Ich habe die jungen Herren nicht in ihrem bittren Irrglauben gelassen. Ob der geneigte BILD-Leser es jetzt glaubt oder nicht, ich wurde nicht zusammengeschlagen.

8 Gedanken zu „Vorurteile

  1. Den Vorschlag zu den Kopfnoten würde ich aber gerne unterstützen: Alle einfach eine 2, und gut ist. Valide sind die eh nicht… oder gibt es wirklich Schüler, die sich bei allen Lehrern im gleichen Maße präsentieren. Weg damit – die Gesellschaft war vor 50 (?) Jahren schonmal weiter, als sie die Kopfnoten genau aus diesem Grunde abgeschafft haben.

    F

  2. Auf die Gefahr hin, dass ich unbeliebt mache: Wieso sind Kopfnoten so schlecht?
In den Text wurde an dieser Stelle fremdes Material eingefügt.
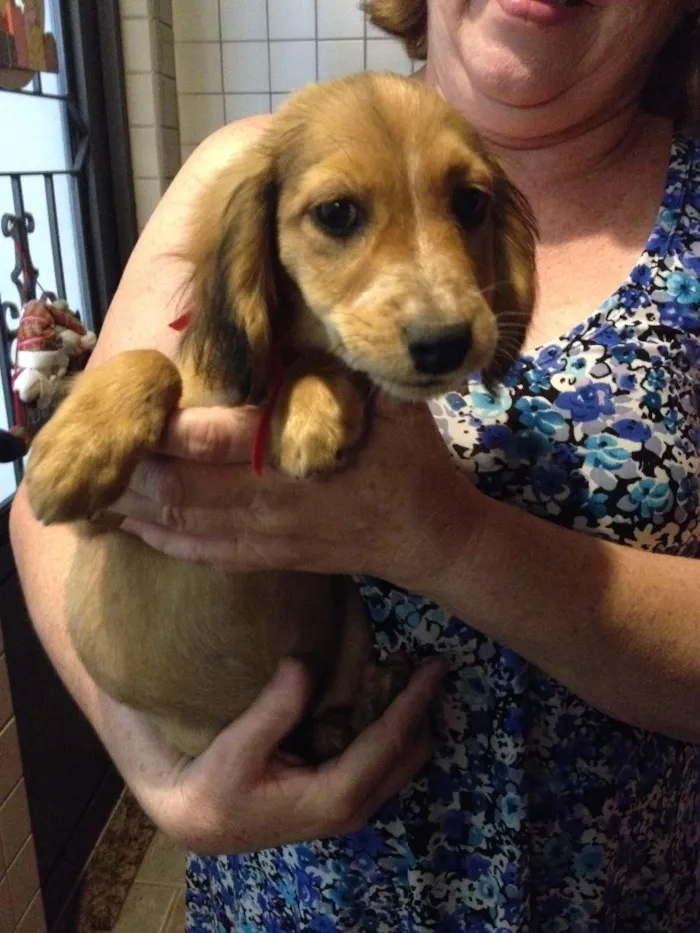 Cachorro ra a Vira lata idade 2 a 6 meses nome Sem nome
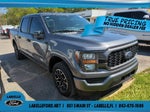 2023 F-150 Thumbnail 1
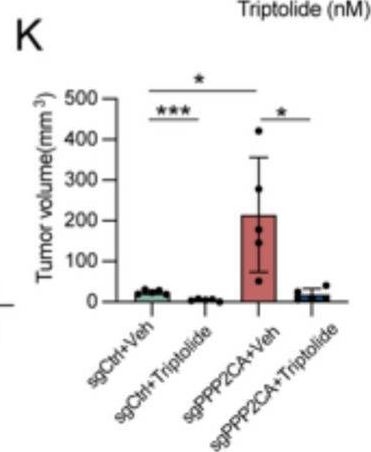 Fig.5.K from the publication: Triptolide targets PPP2CA/ITGA5 axis to suppress lactate-driven ovarian cancer progression.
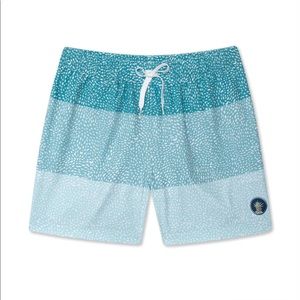 5.5” Classic Swim Trunk in The Whale Sharks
Wir in Bayern haben keine – außer den bekannte Mitarbeits- und Verhaltensnoten. Aber auch hier wird der Durchschnitt gebildet – und dass Schüler auf jeden Lehrer anders reagieren (und umgekehrt) ist ja logisch und gleicht sich damit wieder aus. Ich schreibe halt relativ lange Zeugnisbemerkungen – das könnte ich mir durch Kopfnoten eventuell sparen?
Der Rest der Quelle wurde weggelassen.